# What you are asked to do:
Directions for the data below: repeat exactly the lines from the one with "Der Lahrer THW-Fachberater" through the one with "ALQUILER TEMPORADA 2023/2024", both included, and omit all pictures.

# Source material:
BEGIN
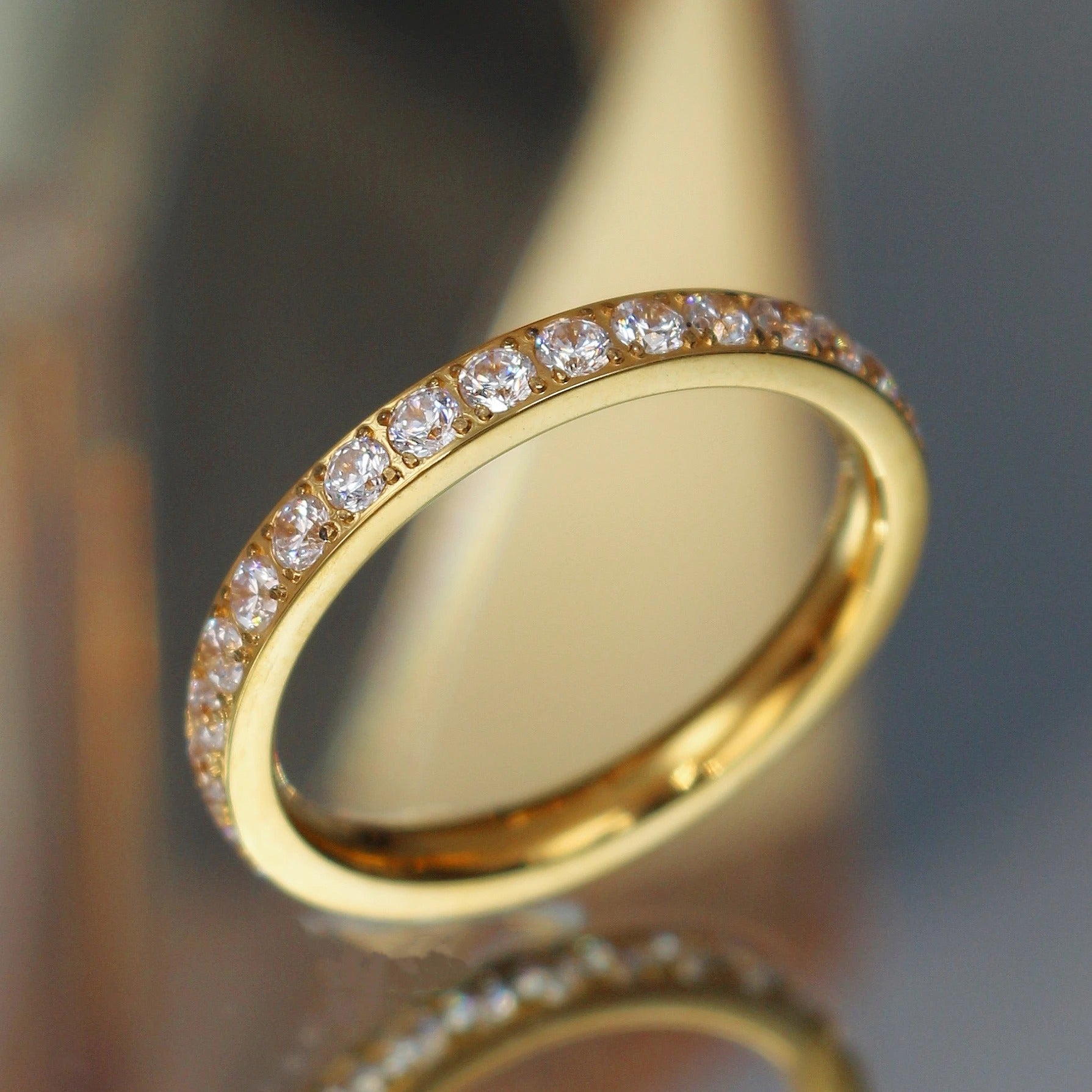 Éclat Eternity Band Ring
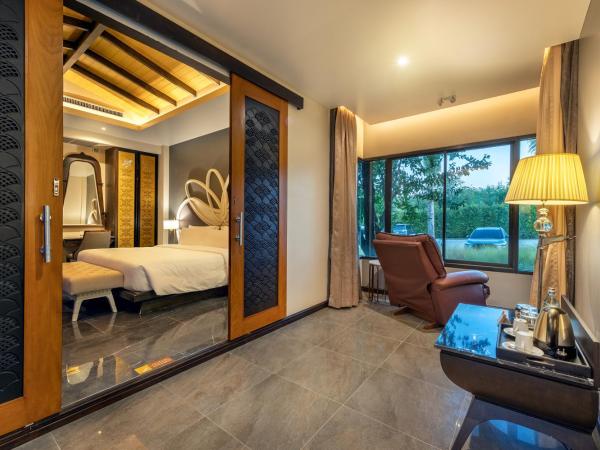 Phukalini Luxury Pool Villa & Onsen-SHA Plus Certified : photo 2 de la chambre jacuzzi de luxe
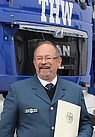 Der Lahrer THW-Fachberater Jacky Krieger vor dem neuen Mehrzweckkraftwagen (MzKW) mit der Fluthilfe-Urkunde 2013.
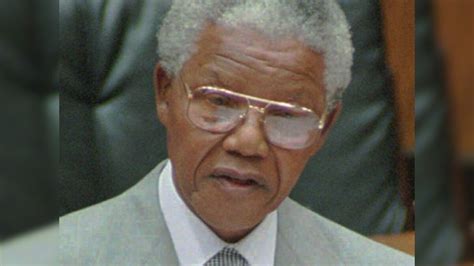 Mandela Responding To Treatment Says S Africa Govt Firstpost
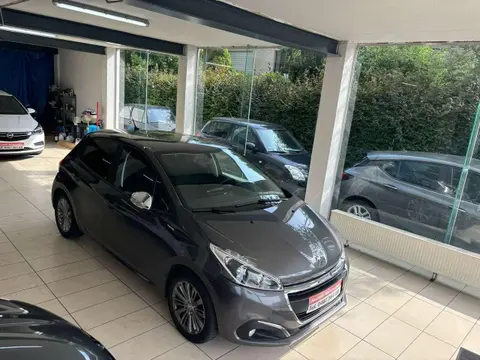 Used PEUGEOT 208 Petrol 2018 Ad 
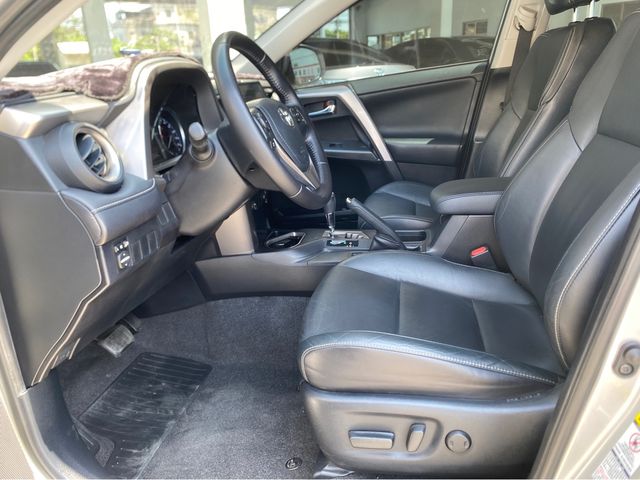 RAV4 2.0  第7張相片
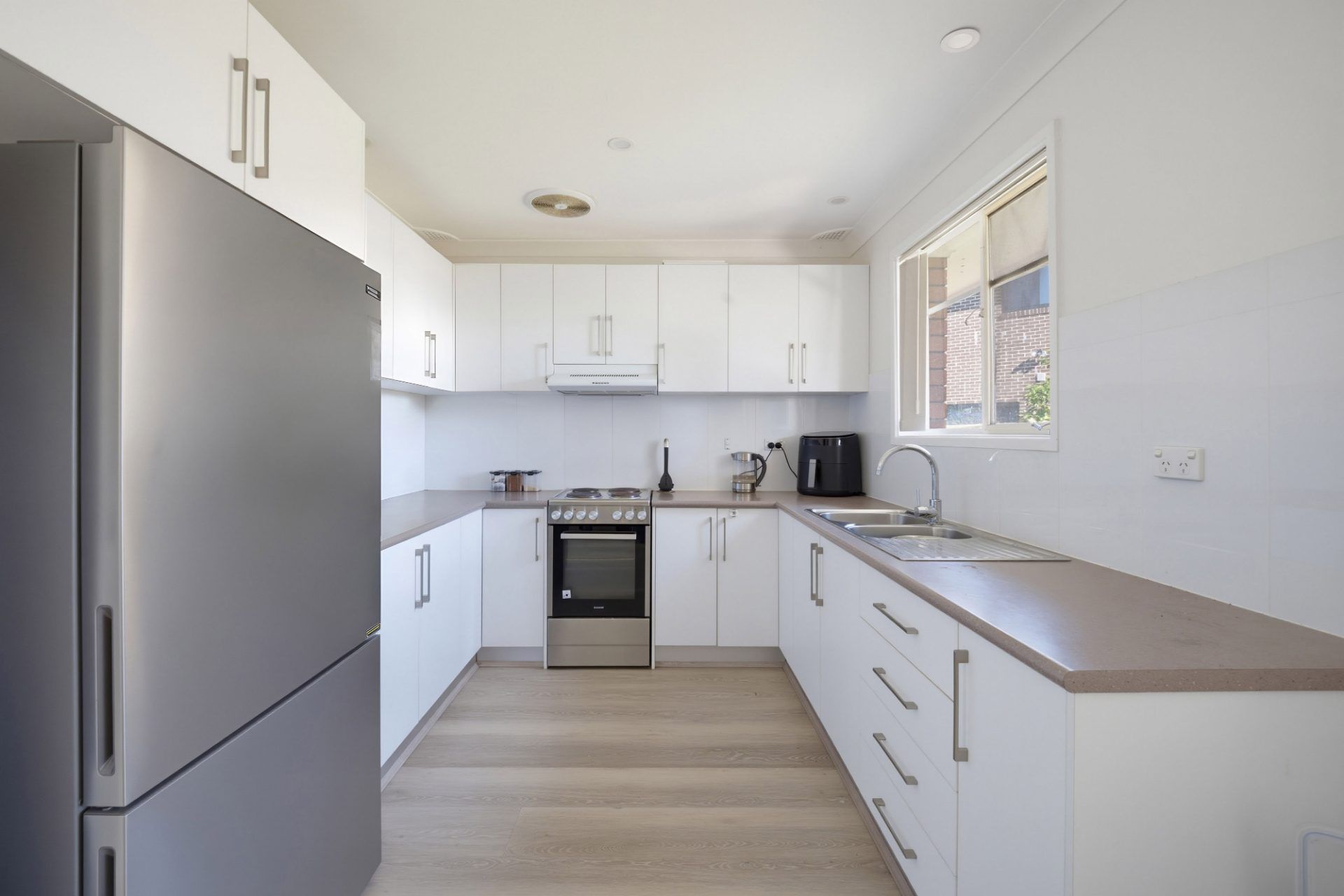 8 Reginald Place — photo 4 of 9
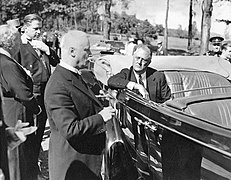 Patenaude et Roosevelt 1936.jpg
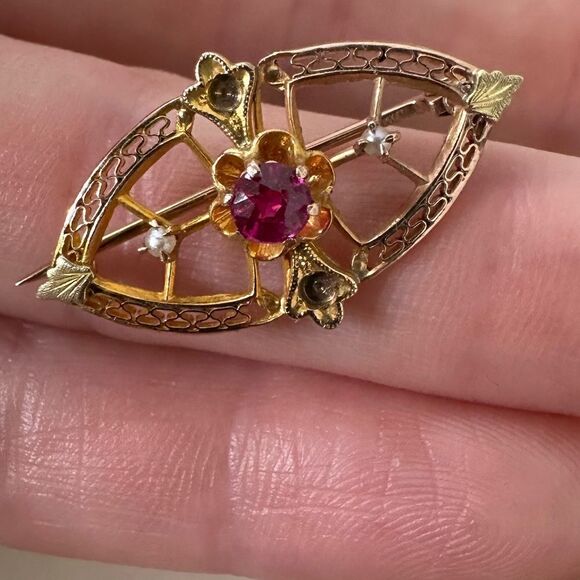 Antique Edwardian Era 10k Dainty Brooch - Picture 3 of 6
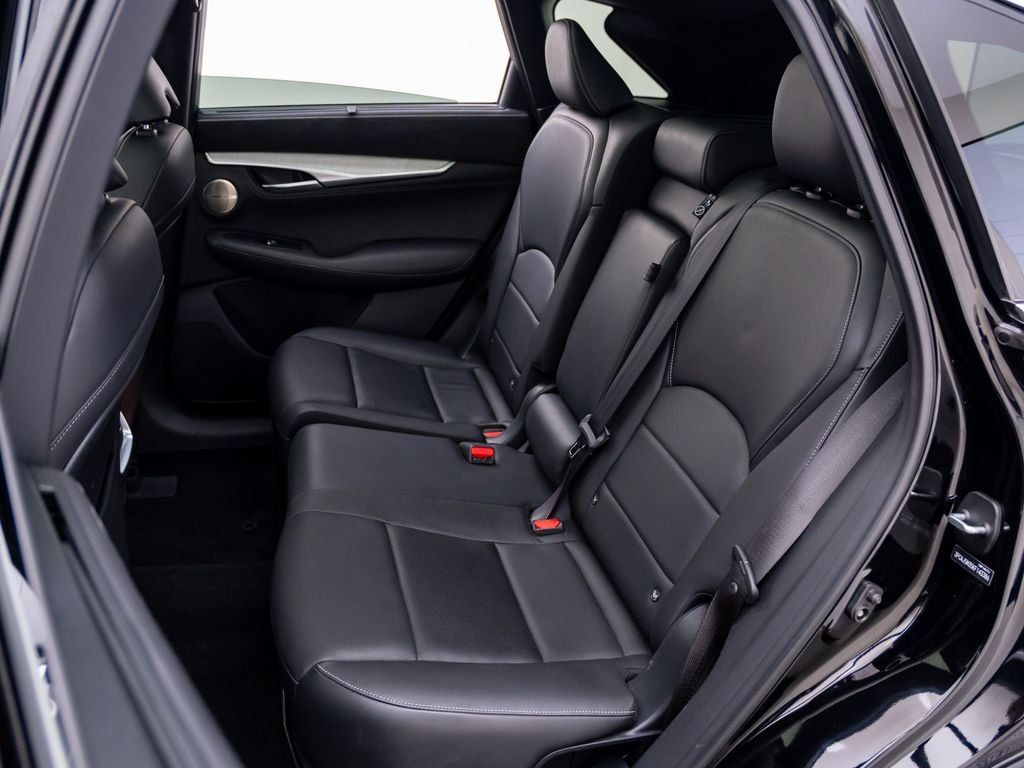 Used 2019 Black Obsidian INFINITI ESSENTIAL image 18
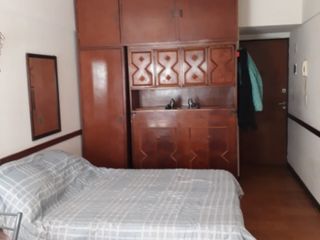 ALQUILER TEMPORADA 2023/2024 - DEPTO UN AMBIENTE - CONTRAFRENTE CON BALCON - PLAZA COLON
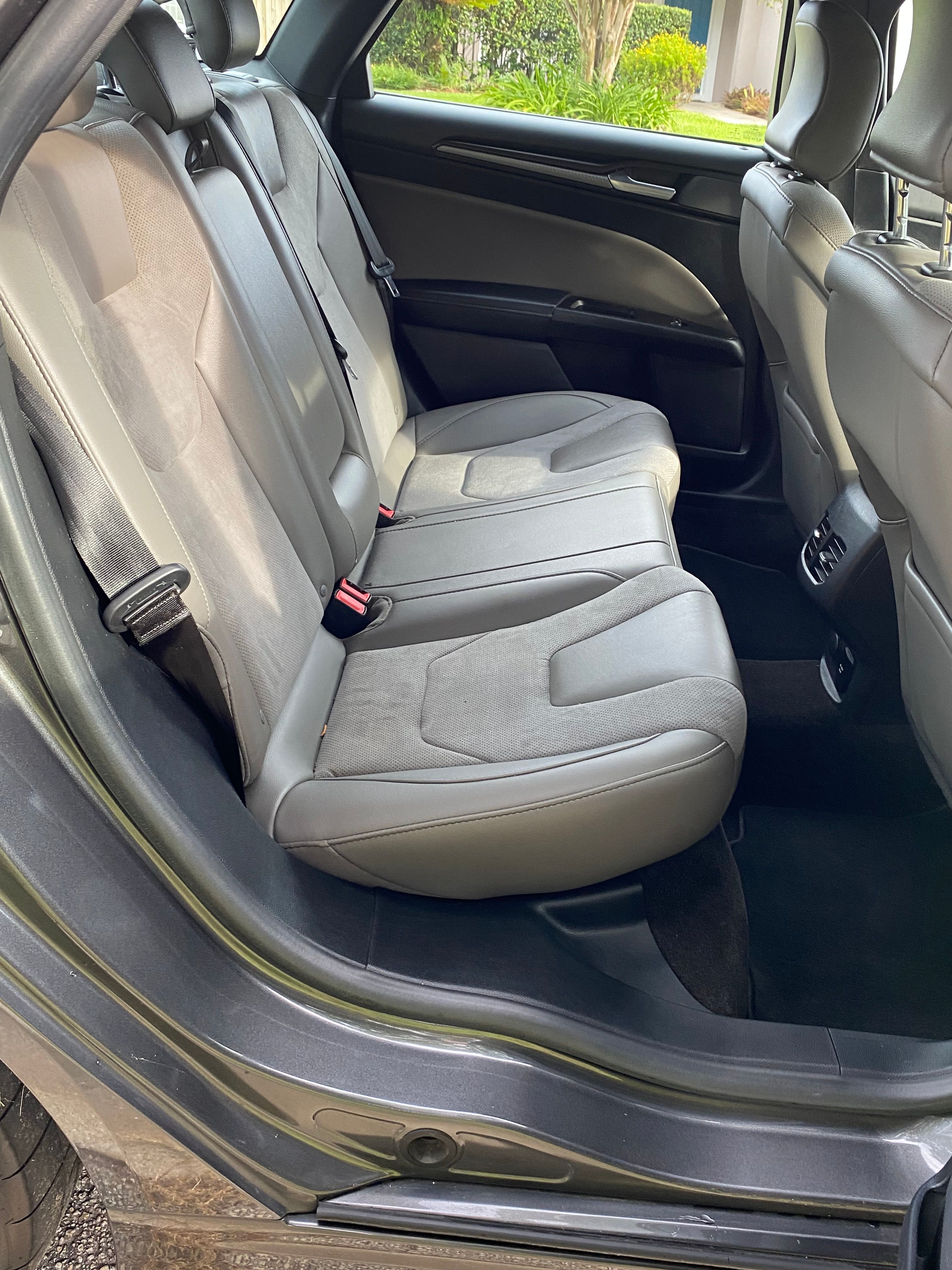 Used 2018 Ford Fusion Sport w/ Equipment Group 401A AWD/4WD image 4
END
# Output for this task:
 Der Lahrer THW-Fachberater Jacky Krieger vor dem neuen Mehrzweckkraftwagen (MzKW) mit der Fluthilfe-Urkunde 2013.
 Mandela Responding To Treatment Says S Africa Govt Firstpost
 Used PEUGEOT 208 Petrol 2018 Ad 
 RAV4 2.0  第7張相片
 8 Reginald Place — photo 4 of 9
 Patenaude et Roosevelt 1936.jpg
 Antique Edwardian Era 10k Dainty Brooch - Picture 3 of 6
 Used 2019 Black Obsidian INFINITI ESSENTIAL image 18
 ALQUILER TEMPORADA 2023/2024 - DEPTO UN AMBIENTE - CONTRAFRENTE CON BALCON - PLAZA COLON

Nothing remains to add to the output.